【トピックス】検証ルポ『2018シーズン 緑の轍』第四章 破竹(18.12.27)
第四章 破竹
■人間の制御しがたい生理
2018シーズン、6位でJ1参入プレーオフに出場した東京ヴェルディは、レギュレーションのビハインドをはね除け、破竹の快進撃を見せる。
11月25日、プレーオフ1回戦、相手は5位の大宮アルディージャ。後半の途中、東京Vは内田達也を退場で欠き数的不利となりながら、71分、佐藤優平の絶妙なフリーキックに平智広が頭で合わせてゴールネットを揺らす。
1‐0で大宮を下し、ロティーナ監督を中心に広がる歓喜の輪に、ふだんは冷静沈着が服を着て歩いているような仕事人も我を忘れて飛び込んでいた。「勝敗に一喜一憂せず、シーズンが無事に終わったとき、初めて自分の責任を果たせたと達成感を覚える」との信条を持つ後藤雄一マネージャーだ。
「知り合いからは、あんなに興奮した様子を見せるなんて珍しいと言われましたね。まあ、劇的な勝利に加えて、場所もあったかな。埼玉で育った自分にとって、NACK5は思い入れの深いスタジアムでもあったので」(後藤)
続く12月2日のプレーオフ2回戦、レギュラーシーズン3位の横浜FC戦。両者得点なく迎えた後半アディショナルタイム、コーナーキックから上福元直人のヘディングシュートが炸裂し、こぼれ球をドウグラス・ヴィエイラがプッシュ。起死回生の一撃を生んだ上福元の上にベンチから飛び出してきたメンバーが覆い被さり、能登篤史アスレティックトレーナーもそのひとりだった。
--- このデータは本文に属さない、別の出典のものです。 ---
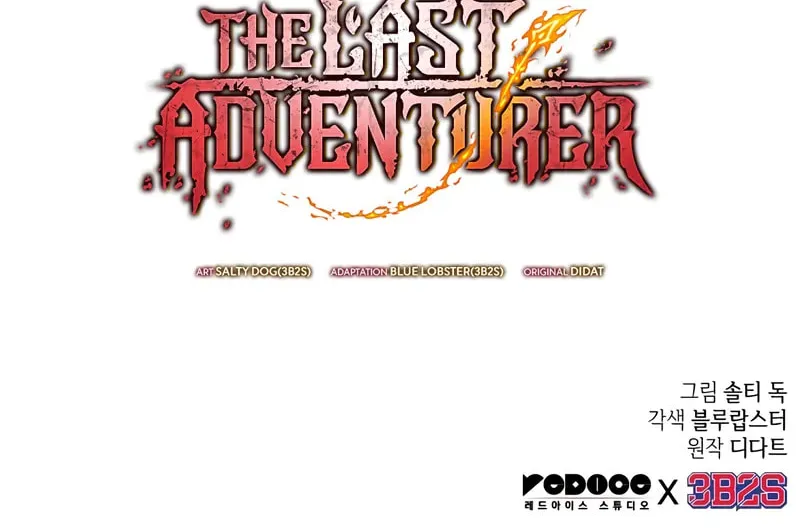 Maplestory: The Last Adventurer Chapter 95 page 101 - 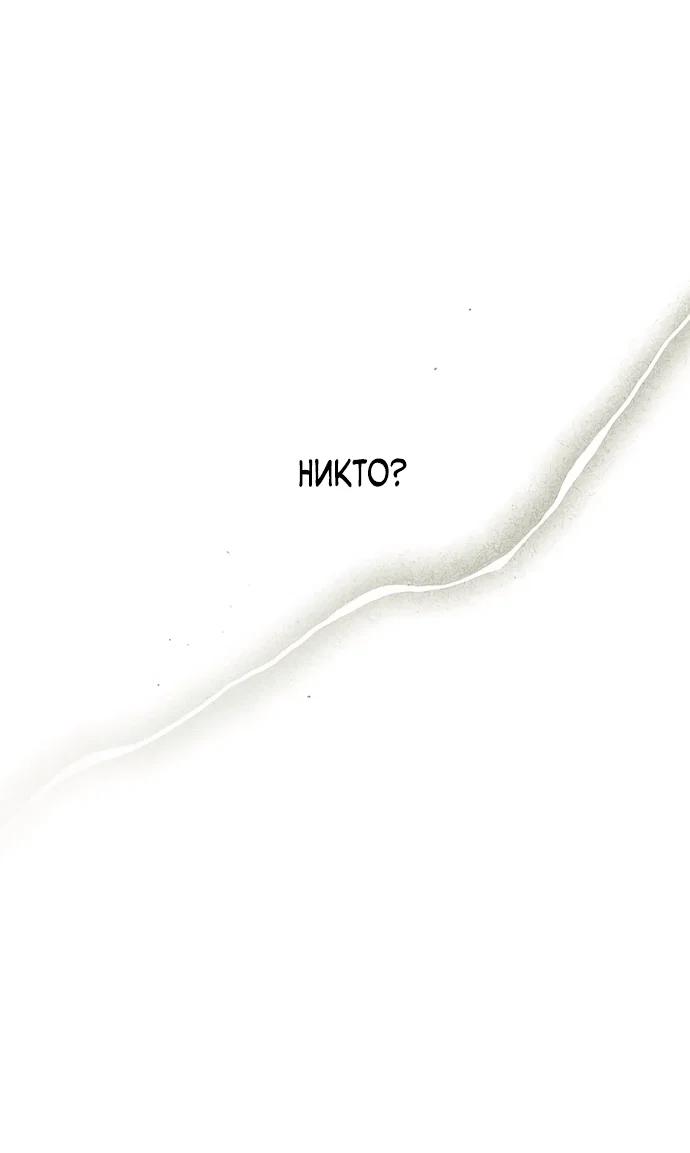 Read Слёзы на увядшем цветке RU Manga Online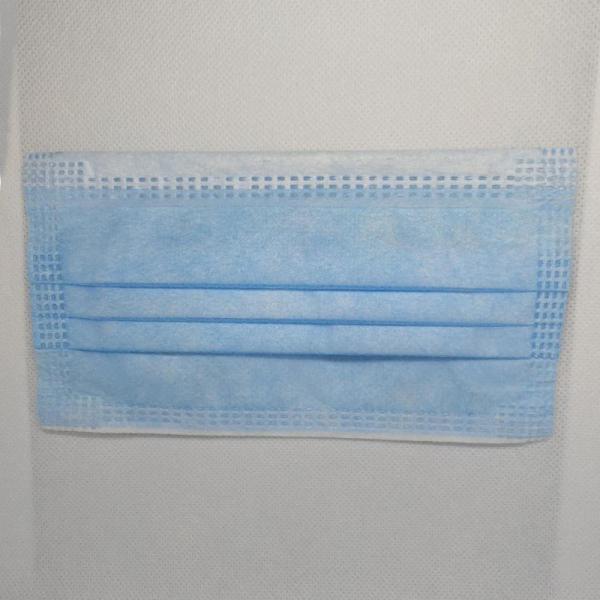 Buy cheap Ear - Loop Disposable Non Woven Face Mask Size 145*95MM High Safety from wholesalers
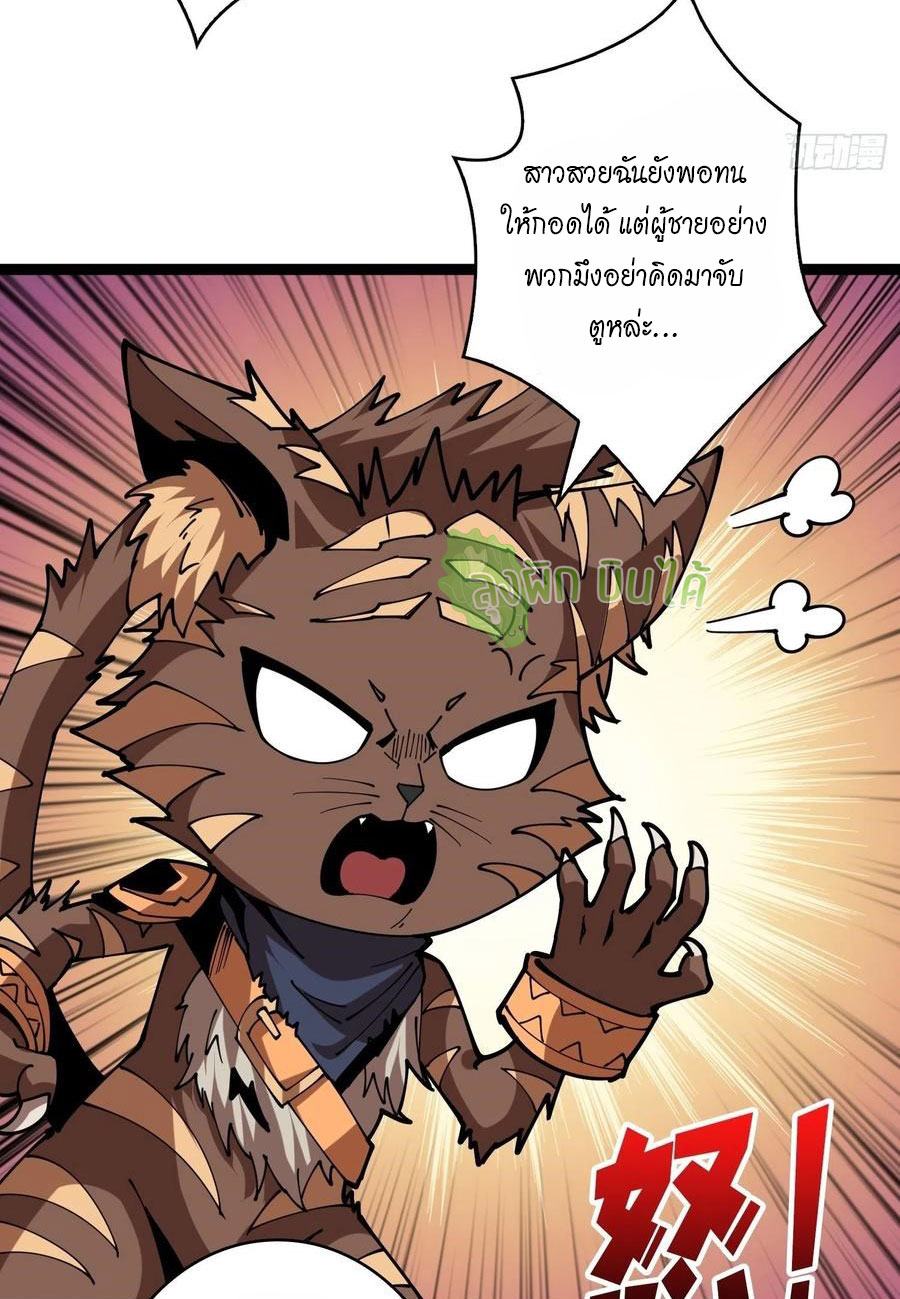 (ชนจีน) IT STARTS WITH A KINGPIN ACCOUNT - จุติจอมราชัน ตอนที่ 98 หน้า 11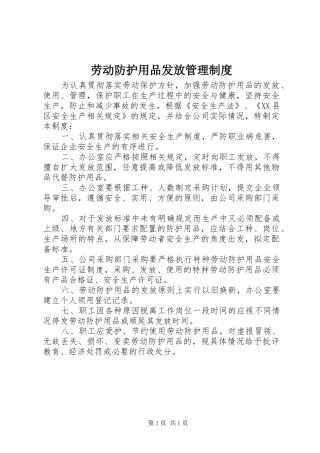 劳动防护用品发放管理制度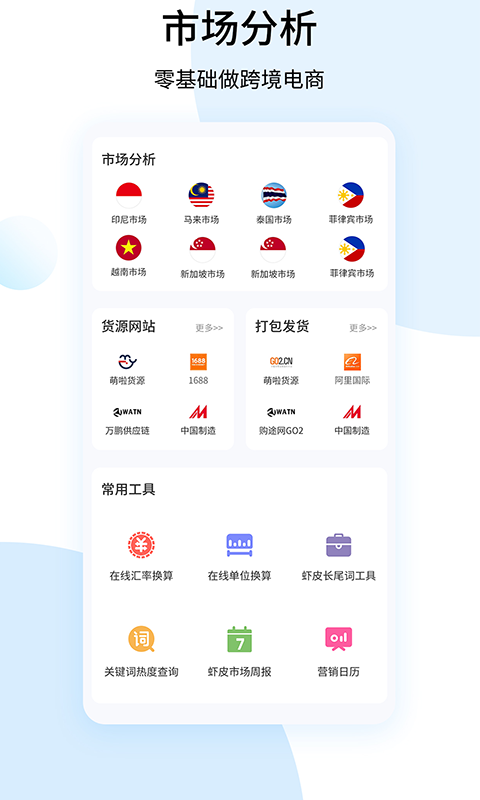 shopee羳̱ͼ4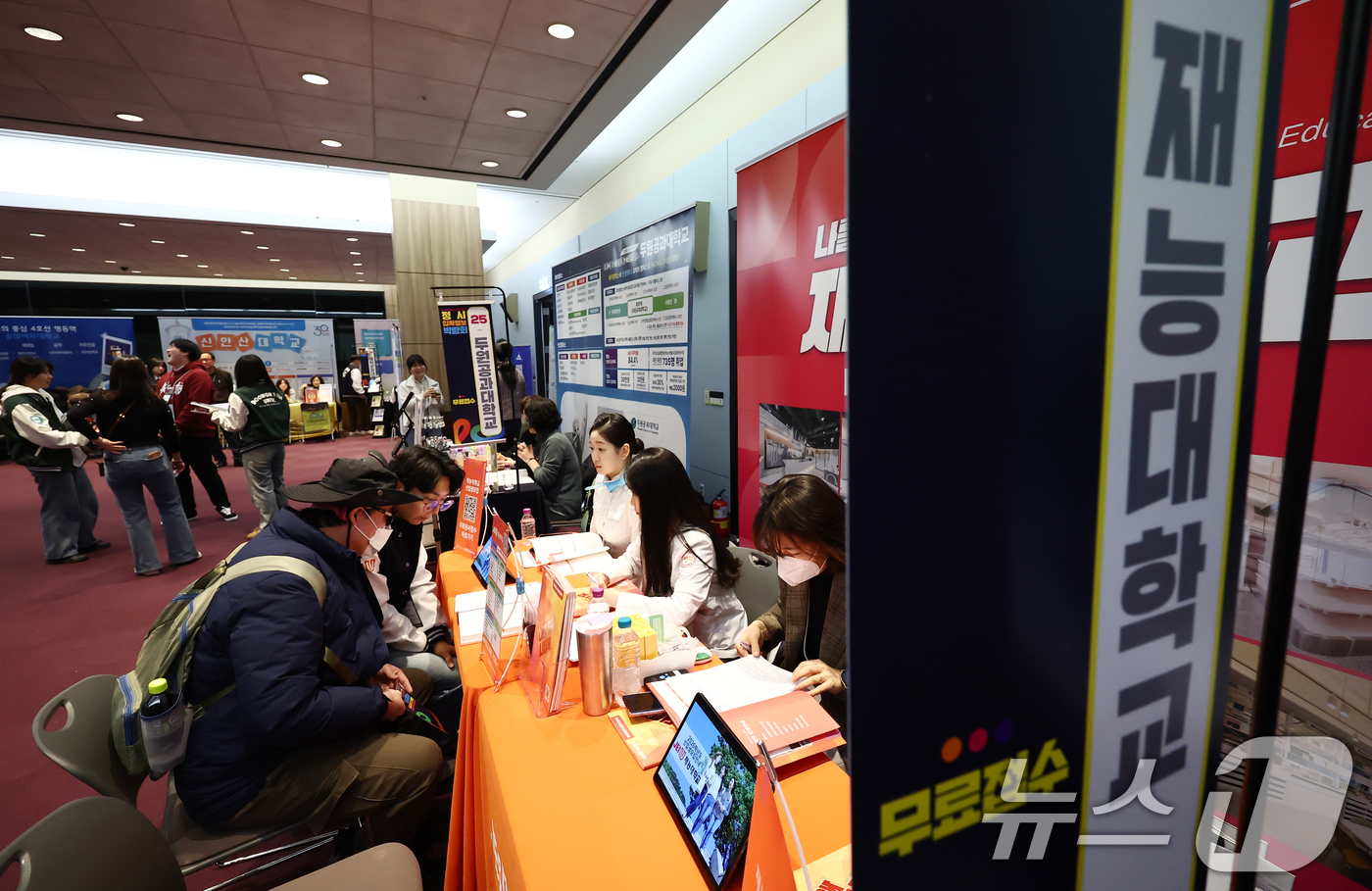 (서울=뉴스1) 김민지 기자 = 3일 오전 서울 강남구 코엑스에서 열린 '2026학년도 정시 전문대학 입학정보설명회'를 찾은 학생들과 학부모들이 입학 상담을 받고 있다. 2026. …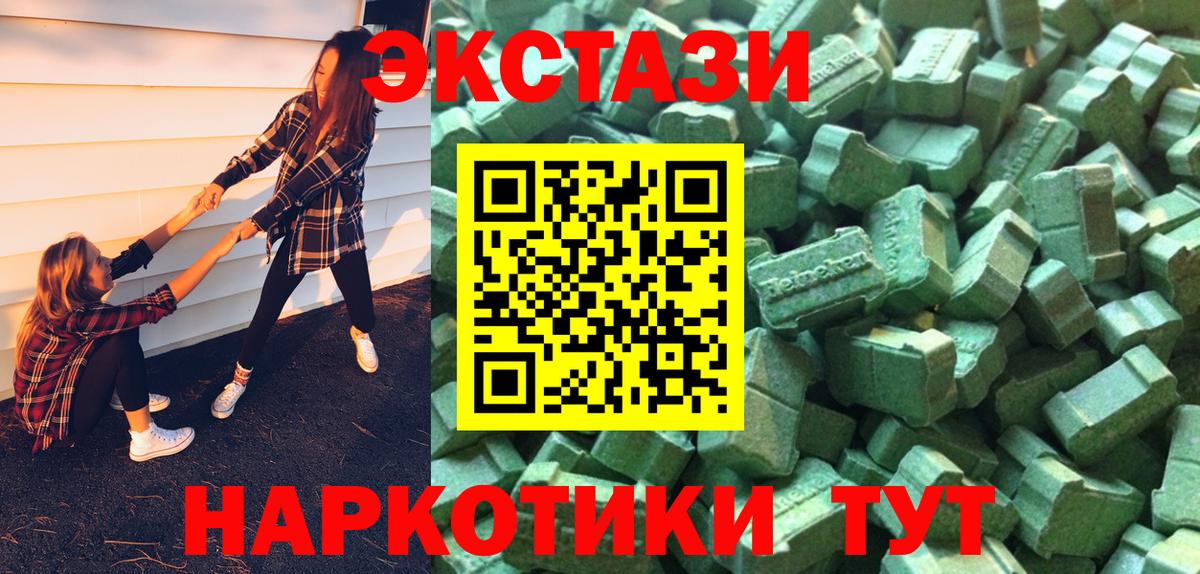 ЭКСТАЗИ 300 mg  ЭКСТАЗИ бентли  Семёнов  где купить наркоту  Вход с VPN  Ecstasy 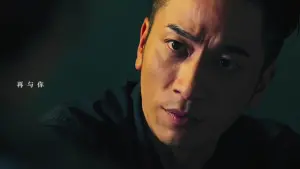 Видео к фильму Crypto Storm | Trailer [Subtitled]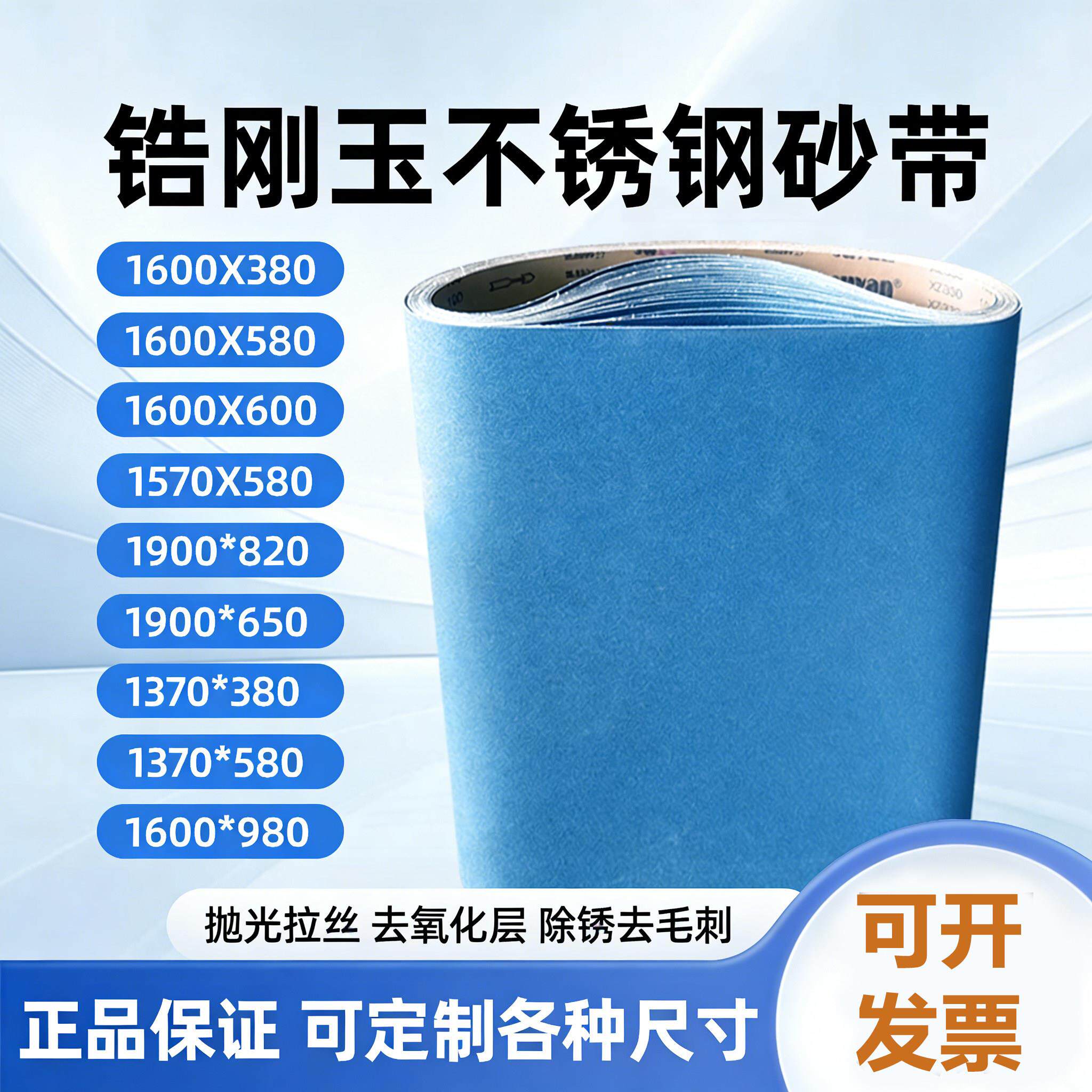 砂带机砂带1600*580金属不锈钢打磨抛光拉丝除锈锆刚玉砂带条定制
のちに沖田政夫GKコーチは「彼、もともと野球をやってた人だから、逆転サヨナラホームランだと思ったんですよ」と笑いながら言い、まさかそんなことはあるまいと本人に訊ねると、「それ、ほんとです。あれで終わりだと思っちゃったんですよね。(大急ぎで引き戻しにきた運営担当の高馬新から)帰れ、帰れと言われ、なんだよ、おまえが帰れって思ったくらい。あとで、ごめんねと謝りました」。
驚きを軽々と通り越した歓天喜地の出来事に、常軌を逸した言動が出るのも無理はない。そのへんの人間の制御しがたい生理を鑑み、Jリーグからのお咎めはなしかと思われたが、さにあらず。この件で東京Vはきっちり厳重注意を受けている。直接的に叱責を受け、対応するのは高馬の仕事であり、試合運営に携わるスタッフは何かと損な役回りになることが多い。